JAKARTA | Warta Rakyat – Mantan Ketua KPK Busyro Muqoddas dengan tegas menolak revisi UU KPK. Busyro pun menyebut Jokowi membodohi publik dengan revisi UU KPK ini.
“Ada kontinuitas. Revisi UU itu sejak zaman SBY, lalu Jokowi, ditunda. Kalau SBY disetop. Jokowi ditunda. Ditambah lagi revisi UU yang ekstrakilat. Presiden ini masih tega-teganya main-main seakan-akan membodohi publik. Seakan-akan publik itu bodoh. Ini cacat melekat pada seorang pemimpin,” kata Busyro kepada wartawan seperti dilansir detikcom, Minggu (15/9/2019).
Baca juga: Save KPK Adalah Save Indonesia, Selamatkan KPK Sekarang!
Busyro menilai revisi UU KPK ini merupakan upaya pembunuhan lembaga antirasuah itu.
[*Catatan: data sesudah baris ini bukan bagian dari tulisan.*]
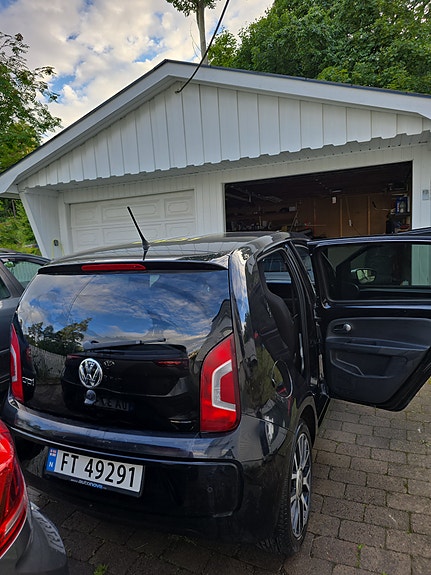 Volkswagen UP! 12 of 22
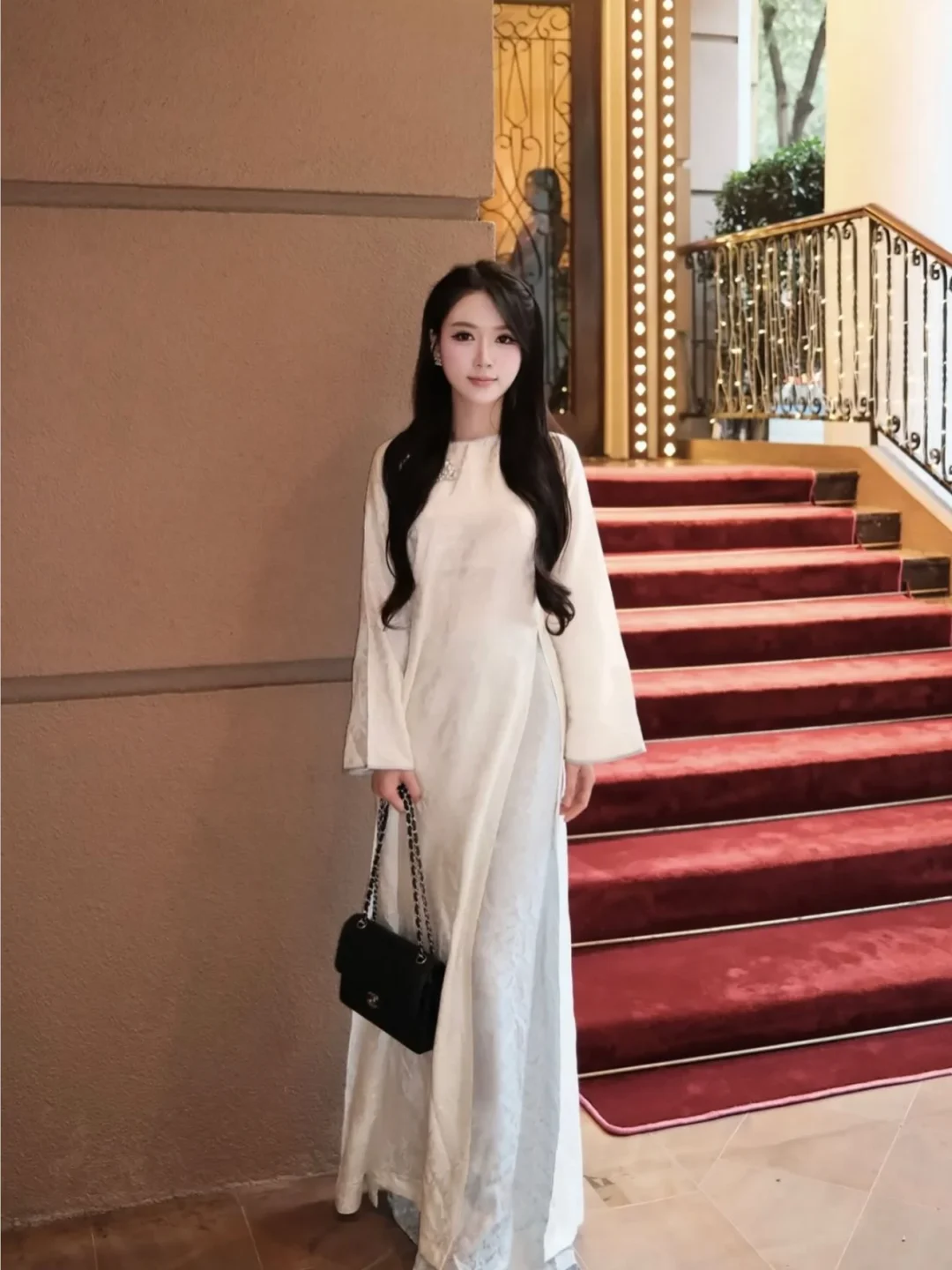 Photo 9 of Áo dài nữ cách tân trắng Bích Dao Nhi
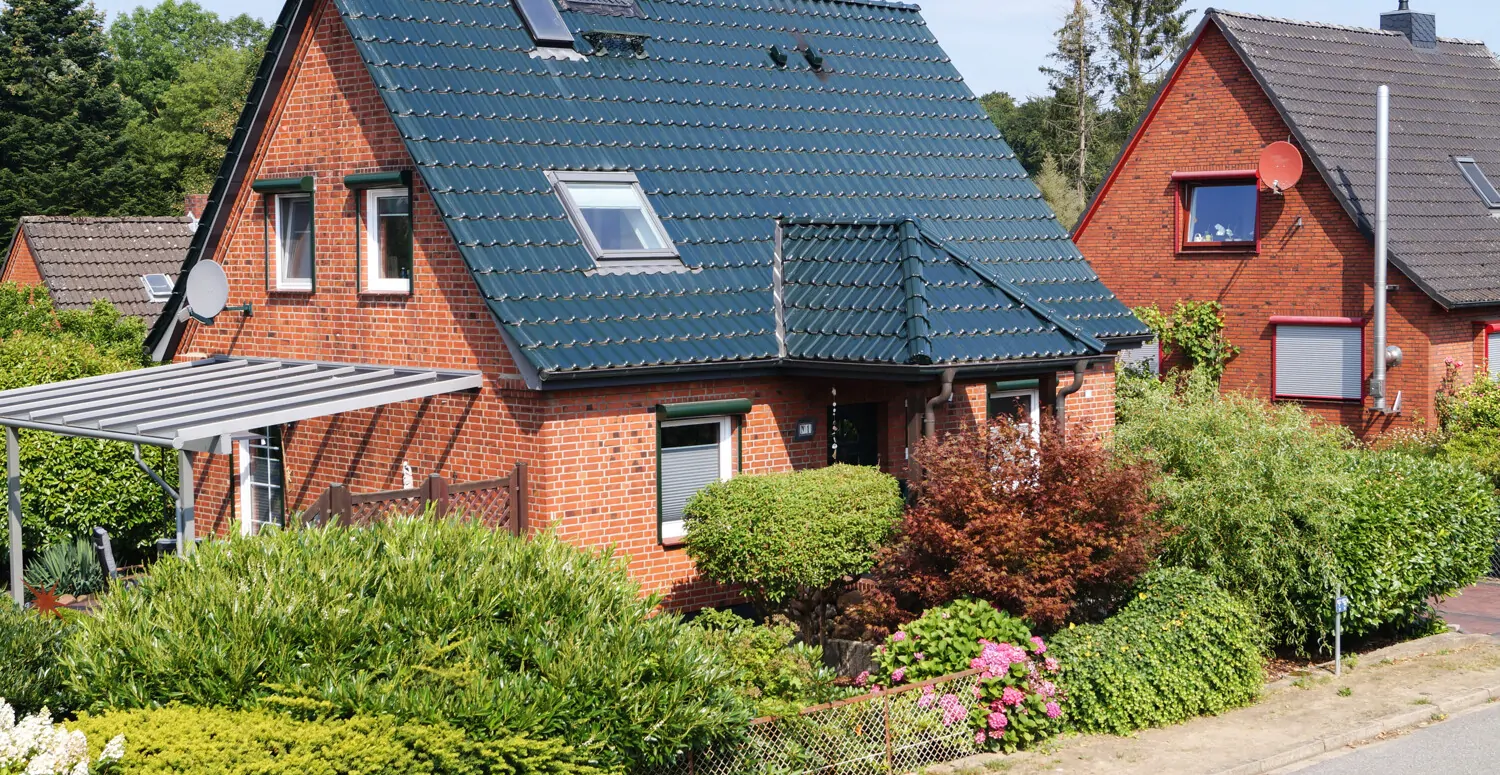 Seitliche Ansicht Sommer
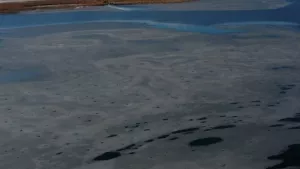 Çıldır Gölü soğuk havanın etkisiyle buz tuttu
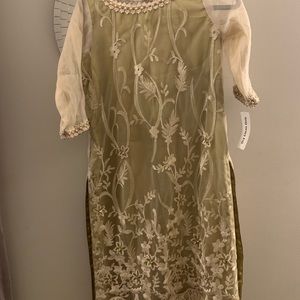 New 2 piece shirt and duppatta light Mehndi green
Dia pun khawatir revisi UU KPK ini sebagai bayaran Jokowi kepada pihak-pihak yang berjasa menghantarkannya ke kursi Presiden RI.
“Dia lebih mencerminkan suara di sekitarnya. Yang mengkhawatirkan kalau suara itu ditentukan oleh kelompok yang berjasa besar di karirnya di periode pertama dan kedua. Nah, sekarang nagih bayaran. Bayarannya KPK ini,” ujarnya.
Menurut Busyro, poin-poin yang diajukan Jokowi dalam revisi UU KPK, seperti dewan pengawas, ditunjuk presiden hingga pegawai KPK menjadi aparatur sipil negara (ASN) justru berakibat kematian KPK. Sebab, poin-poin itu berisiko menghilangkan independensi KPK sebagai lembaga antirasuah.
“Lebih dari pada pelemahan. Supaya bangsa Indonesia itu akrab dengan yang lugas-lugas tidak samar-samar seakan-akan santun. Saya mengatakan pembunuhan. Pembunuhan. Lugas kan. Situasinya cocok saya untuk menggunakan kata itu daripada pelemahan. Sebab, kalau isinya pelemahan presiden itu menolak pelemahan dengan menolak pasal-pasal yang diajukan oleh DPR itu tapi tiga poin itu setelah kita baca, diteliti KPK sendiri, diteliti teman-teman itu sama saja masih mengandung unsur yang akibatnya pembunuhan KPK,” papar Busyro.
Baca juga: KPK Menderita! Pak Jokowi, Belum Terlambat Tarik Surpres Revisi UU KPK
Lebih lanjut, Busyro mengatakan revisi UU KPK simultan dengan pembentukan Pansel Capim KPK yang menurutnya hasilnya amburadul. Dia menyayangkan terpilihnya Irjen Firli yang merupakan polisi aktif sebagai Ketua KPK.
“Yang hasil dari pansel KPK itu amburadulitasnya kelewat batas. Tapi itu tanggung jawab presiden selaku pembentuk dan penanggung jawab.
Nah, karena ini bersamaan, simultan, maka baru kali ini KPK itu dipimpin oleh polisi aktif. Dulu Pak Bibit itu sudah pensiun dan bukan Ketua KPK. Baru kali ini. Pak Ruki, Plt. Nah, pertamanya itu Pak Ruki memang, tapi sudah pensiun lho. Yang periode pertama. Dan polisi ketika itu kan konteksnya beda dengan sekarang ini. Sekarang polisi sama-sama kita ketahui lah,” katanya.
Saat ini, revisi UU KPK sedang dibahas oleh pemerintah dan DPR. Poin-poin dalam revisi UU itu dikhawatirkan melumpuhkan KPK, dari penyadapan harus seizin dewan pengawas hingga kewenangan penghentian kasus.